HIGH RISK OFFENDERS — preliminary supervision — interim supervision orders — index offence committed as a minor — murder of another minor — no other offending — consideration of statutory test and nature of preliminary application — defendant’s recalcitrance regarding his child protection obligations — offender potentially has not accepted responsibility for the index offence — consideration of appropriate ISO conditions

Legislation Cited:

Children (Criminal Proceedings) Act 1987, s 15A

Child Protection (Offenders Registration) Act 2000 (NSW), s 17

Crimes (High Risk Offenders) Act 2006 (NSW), ss 5B, 5I, 6, 7, 9, 10A, 10C

Cases Cited:

DL v R [2018] NSWCCA 302

DL v The Queen (2018) 265 CLR 215; [2018] HCA 32

DL v The Queen [2017] NSWCCA 57

DL v The Queen (No 2) [2017] NSWCCA 58

Muldrock v The Queen (2011) 244 CLR 120; [2011] HCA 39

R v DL [2008] NSWSC 1199

R v Way (2004) 60 NSWLR 168; [2004] NSWCCA 131

State of New South Wales v Sturgeon [2019] NSWSC 559

State of New South Wales v Thomas (Preliminary) [2011] NSWSC 118

Category:Principal judgment
Parties: State of New South Wales (Plaintiff)
DAA (Defendant)
Representation:

Counsel:
R Rodger (29/05/23); P Aitken (06/07/23) (Plaintiff)
J Brock (29/05/23); C Akthar (06/07/23) (Defendant)

Solicitors:
Crown Solicitors Office (Plaintiff)
Legal Aid NSW (Defendant)
File Number(s): 2023/71850
Publication restriction: Section 15A Children (Criminal Proceedings) Act 1987 (NSW): The defendant and the victim of the index offending are not to be identified except in accordance with that Act.

JUDGMENT

  1. By summons filed on 1 March 2023, the State of New South Wales (“the State”) by way of final relief seeks an order under s 9(1)(a) Crimes (High Risk Offenders) Act 2006 (NSW) that DAA be subject to an extended supervision order (“ESO”) for a period of 3 years and comply with the conditions set out in Schedule A to the summons pursuant to s 11 of that Act. All references to legislation in this judgment, unless otherwise specified are references to that Act.

  2. By way of interim relief, the State seeks an order under s 7(4) appointing two relevantly qualified experts to conduct examinations of DAA and to furnish reports to the Court on the results of those examinations together with an order directing DAA to attend those examinations. Moreover, the State seeks an interim supervision order under s 10A and 10C for a period of 28 days with a direction that DAA comply with the same conditions set out in the Schedule.

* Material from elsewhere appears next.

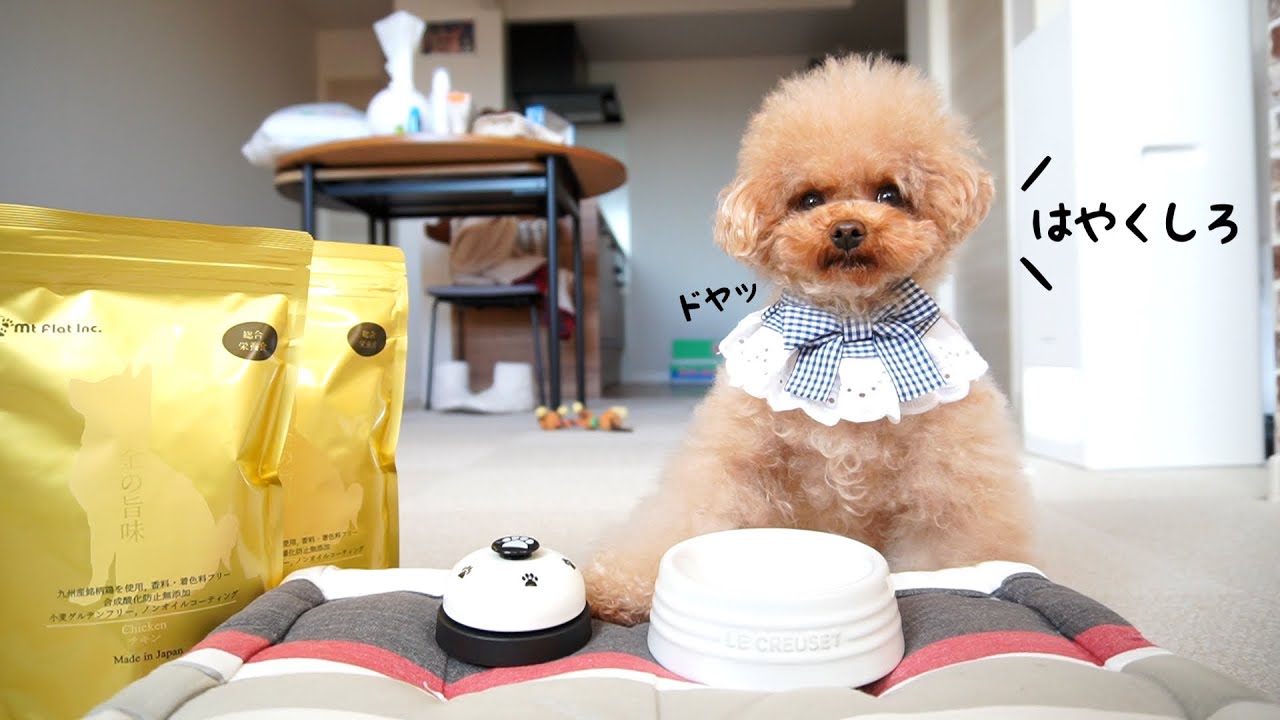 超ドヤ顔でベルをぶっ叩いてご飯を注文してくる超迷惑なお客さん（犬）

  3. As will become clear, DAA was a child when he committed the index offence and publication of his name or anything tending to identify him is prohibited by dint of s 15A Children (Criminal Proceedings) Act 1987 (NSW) (“CCPA”).

The index offending

  1. DAA committed the offence of murder on 19 July 2005 when he was 16 years of age. His victim, whose identity is also protected under s 15A CCPA by use of the pseudonym TB, was a 15 year old female year 10 student who attended the same high school as DAA. DAA stabbed TB 48 times with a short knife to the upper torso, face and head soon after she had alighted from the school bus and just minutes from her home on the NSW Central Coast. DAA fled the scene after the attack but before her death TB uttered his first name to passers-by. DAA lived near the scene of the crime.

  2. DAA exercised his right to silence after his arrest. He chose not to give evidence at his trial maintaining his innocence. He had volunteered some inconsistent accounts while in juvenile detention including the claim that he was a passer-by who had intervened unsuccessfully to stop the attack by a unknown third party. This and other different versions were proffered to explain a bad incised stab wound to his own hand which the prosecution asserted was sustained in his frenzied attack on TB.

  3. He was tried by RS Hulme J and a jury and convicted on 27 March 2008. He was sentenced on 14 November 2008 to a term of imprisonment, having a non-parole period of 17 years commencing on 19 July 2005, with an additional term of 5 years commencing on 19 July 2022. The total sentence imposed would have expired on 19 July 2027. When the sentence was passed, a standard non-parole period of 25 years was prescribed for a murder where the victim was under 18 years of age. In accordance with the then prevailing jurisprudence established by R v Way (2004) 60 NSWLR 168; [2004] NSWCCA 131, Hulme J felt compelled to give primary significance to the standard non-parole period in fixing the sentence.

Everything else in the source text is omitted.